Ready to embrace Africa? Outlined below are some practical considerations and strategic approaches for filing.

 General practical considerations

1) The cost of filing vs trying to enforce use rights:

A common problem throughout Africa is trade mark squatters. They file applications for trade marks found overseas, to extort money from the true proprietor for the transfer of the trade mark. Some countries have provisions that allow for the cancellation of such bad faith trade marks but this can be a costly procedure.

In contrast, the cost of filing trade mark applications is lower. Rather file a trade mark early than come up against a squatter.

2) It might not be possible to enforce use rights or well-known trade marks:

Many African countries follow a first-to-file system, meaning that even if the application by the trade mark squatter was filed in bad faith, it may not be possible for the true proprietor of the mark to oppose or cancel such a registration.

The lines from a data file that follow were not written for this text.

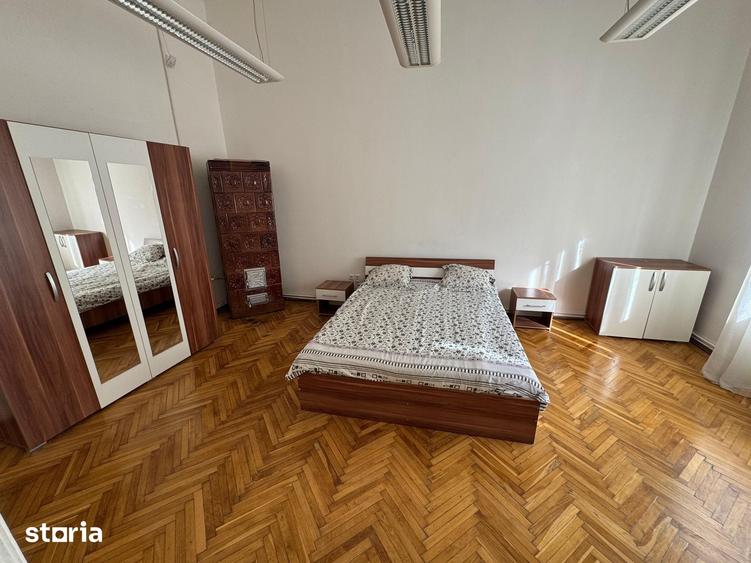Apartament cu 3 camere semidecomandat în P-ța Unirii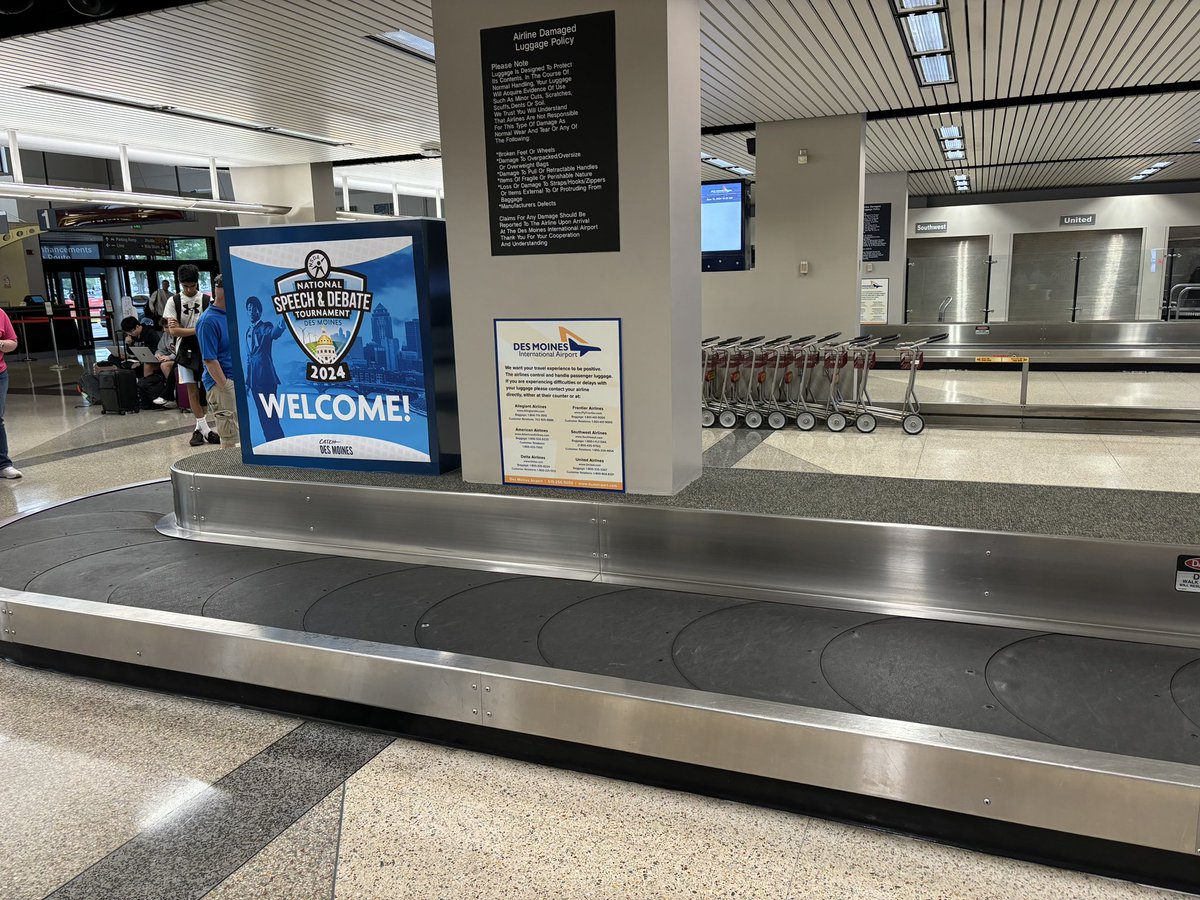 BereaMidpark4n6's tweet image. Months of preparation finally have led to this: We’re in Des Moines, Iowa, for @speechanddebate #Nats24! #BeTitansTogether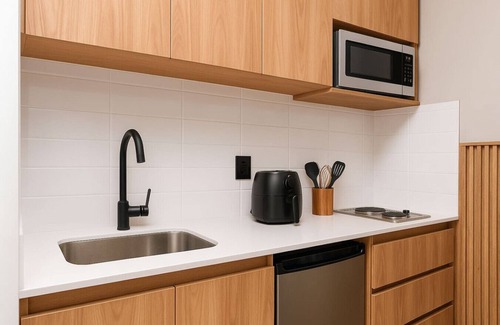 San Diego Apartment | Poblado 1BR Flat - Jacuzzi + Digital Nomad Space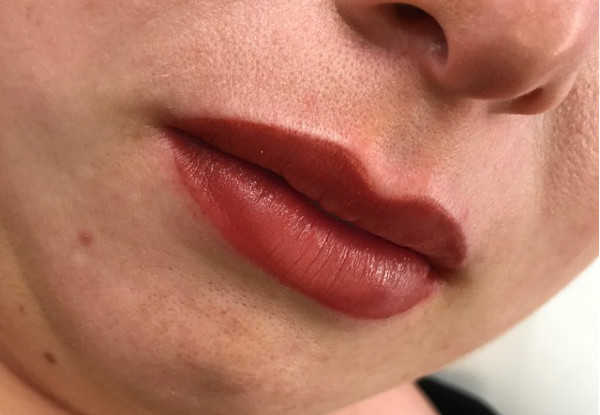 Cosmetic Tattooing of Full Lips or Ombre incl. Full Consultation & a Follow Up Appointment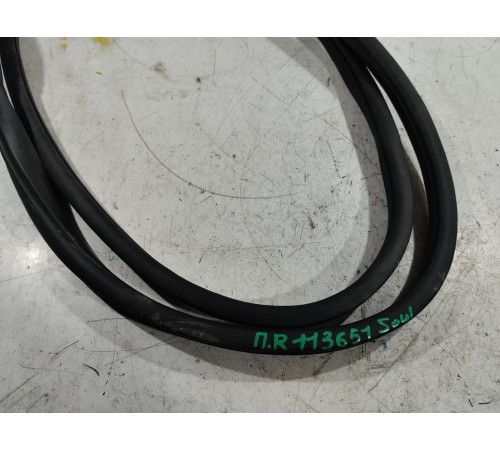 Уплотнитель двери передний правый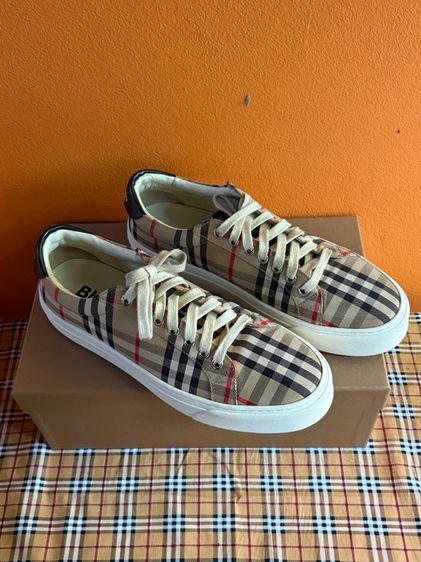 รองเท้า Burberry Men  Sneakers size 41 รูปที่ 2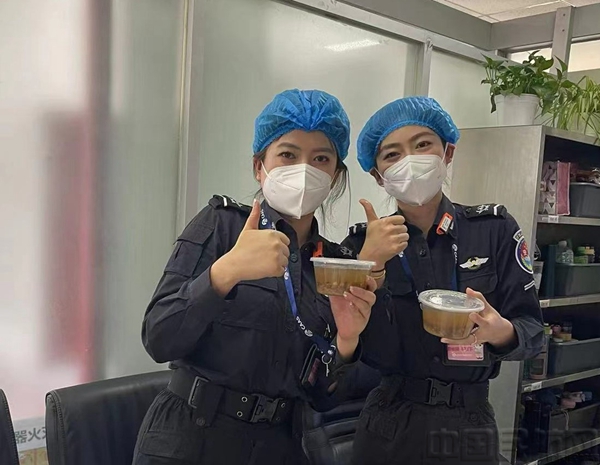 开展“夏送清凉“活动,为在岗员工发放绿豆汤解暑饮品.jpg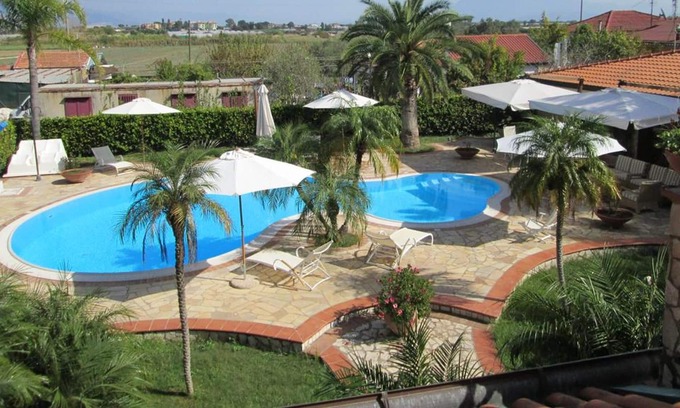 Eboli Appartement | Homerez - Appartement à 450 m de la plage pour 7 pers. avec piscine partagée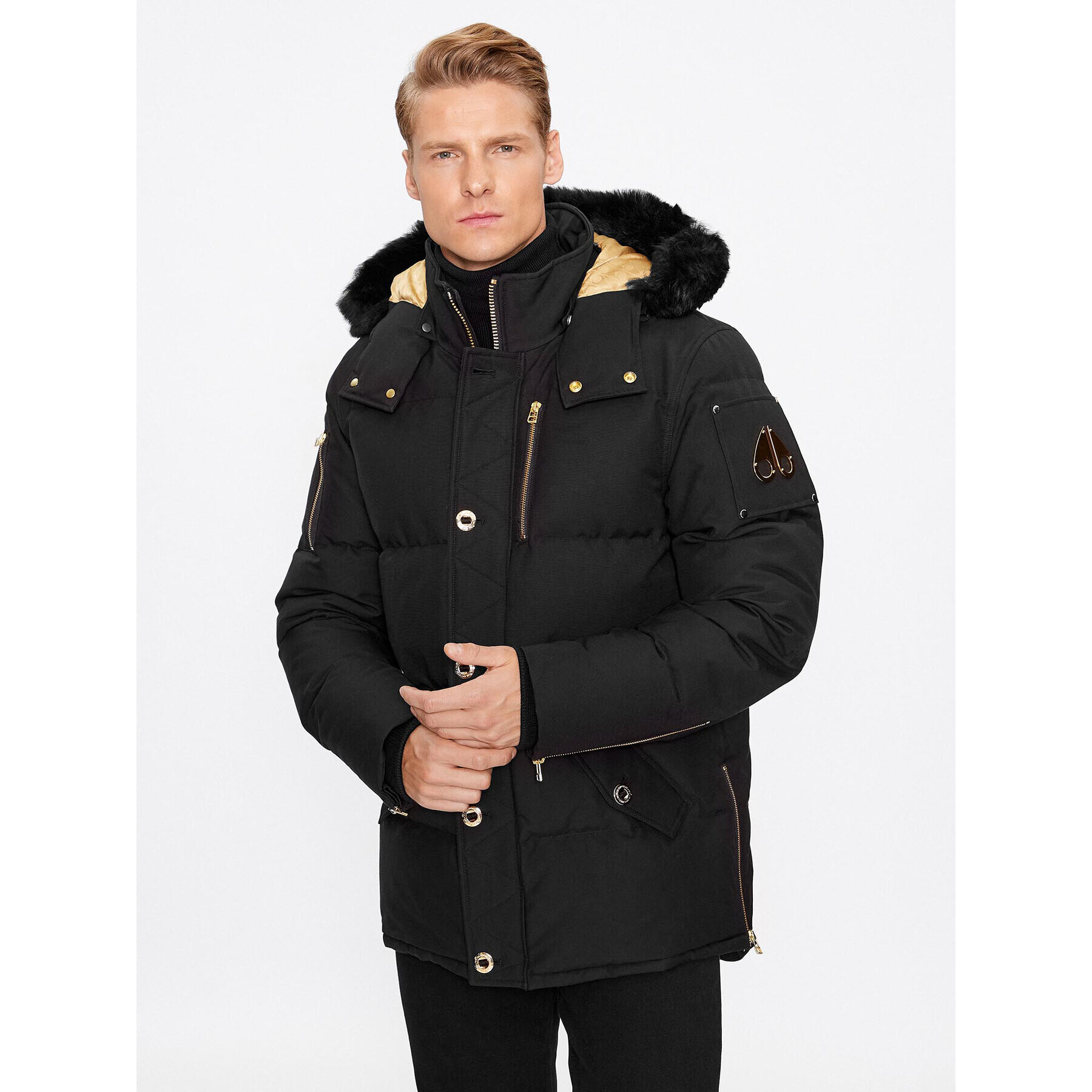 Moose Knuckles Зимно яке Gold 3Q Jacket Sharling M32MJ128GS Черен Regular Fit - Pepit.bg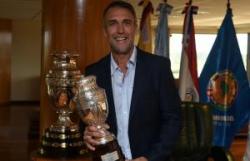 Joaquin Tukang Foto Copi, Ternyata Anak Legenda Timnas Argentina Gabriel Batistuta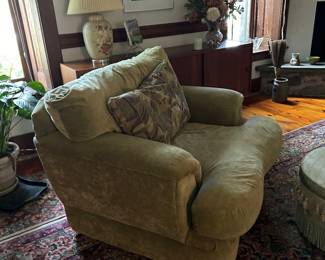 Like new matching chair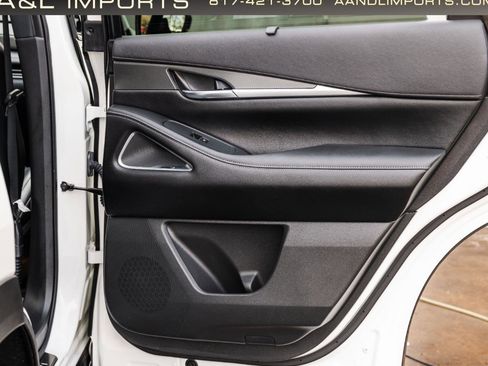 Used 2025 INFINITI QX60 Luxe w/ Black Edition image 55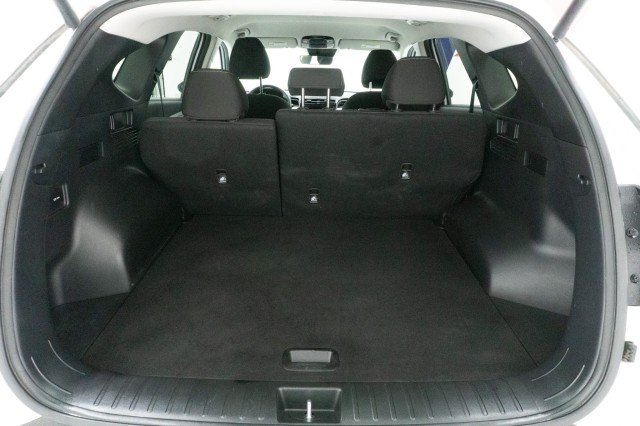 Used 2024 White Pearl Hyundai Blue image 10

3) How long it will take to get registration vs how long you intend using the mark:

Brand owners need to consider the length of the process in the relevant country versus the life span of the product or service bearing the trade mark. It may not be worth filing trade marks for products or services with a short life span or for slogans used in temporary advertising campaigns.

4) In many countries the courts and registries work well:

Infringement and/or opposition matters are being handled quickly and efficiently in various African countries, including Kenya, Mauritius, and Nigeria. Regulatory intervention by government agencies is also an attractive and cost-effective way to enforce IP rights in some African countries.

5) Language and cultural considerations:

There are numerous languages spoken in Africa, including French, Portuguese and Arabic. Consumers in these speaking African countries are more likely to have a demand for products from other same speaking countries, and the common language also simplifies the marketing and packaging of products for export.

6) Big industries in Africa:

Fastest growing economies include fintech, mobile money, and electronics. Fast-moving consumer goods are also in high demand, especially in Nigeria with its growing upper-middle class.

Strategic approach

Where to start when setting up your filing strategy:

1) File in your active countries immediately:

If a brand owner is already active in any African country or products are already available in the marketplace - get an application as soon as possible to be the first to file.

2) File in South Africa and the other Southern African Customs Union (SACU) countries:

Many international brands start with filing in South Africa due to its geographic advantages and logistics infrastructure. Filing costs are reasonable and enforcement of marks is effective.

Thereafter, the Southern Africa Customs Union (SACU) countries: Botswana, Lesotho, Namibia and eSwatini. This is particularly important as the SACU treaty provides for the easy movement of goods between the member countries.

Although Mozambique and Zimbabwe are not members of SACU, filing in these neighbouring countries is advisable due to the frequency with which people and goods move from South Africa into these countries.

3) File through the regional systems available. There are two regional filing systems available in Africa:

OAPI (Organisation Africaine de la Propriété Intellectuelle)

Covers 17 mostly French-speaking West-African countries: Benin, Burkina-Faso, Cameroon, Central African Republic, Chad, Comoros, Congo, Equatorial Guinea, Gabon, Guinea, Guinea-Bissau, Ivory Coast, Mali, Mauritania, Niger, Senegal and Togo.

An OAPI application automatically designates all member states and it is not possible to designate only some of the member countries.

ARIPO (African Regional Intellectual Property Organization)

The 12 member states are Botswana, The Gambia, Lesotho, Liberia, Malawi, Mozambique, Namibia, Sao Tome & Principe, eSwatini, Tanzania, Uganda, and Zimbabwe.

One registration with ARIPO does not automatically cover all the member states. Member states must be designated at the time of filing the application.

4) File in countries with large economies:

Finally, we recommend that brand owners file in those African countries with the biggest economies.

In closing, Africa consists of 54 separate countries, each with its own idiosyncrasies and practicalities. Although deciding where to file in Africa may seem daunting, there are professionals that can assist with devising a strategy using the tools and systems available to help brand owners make these decisions.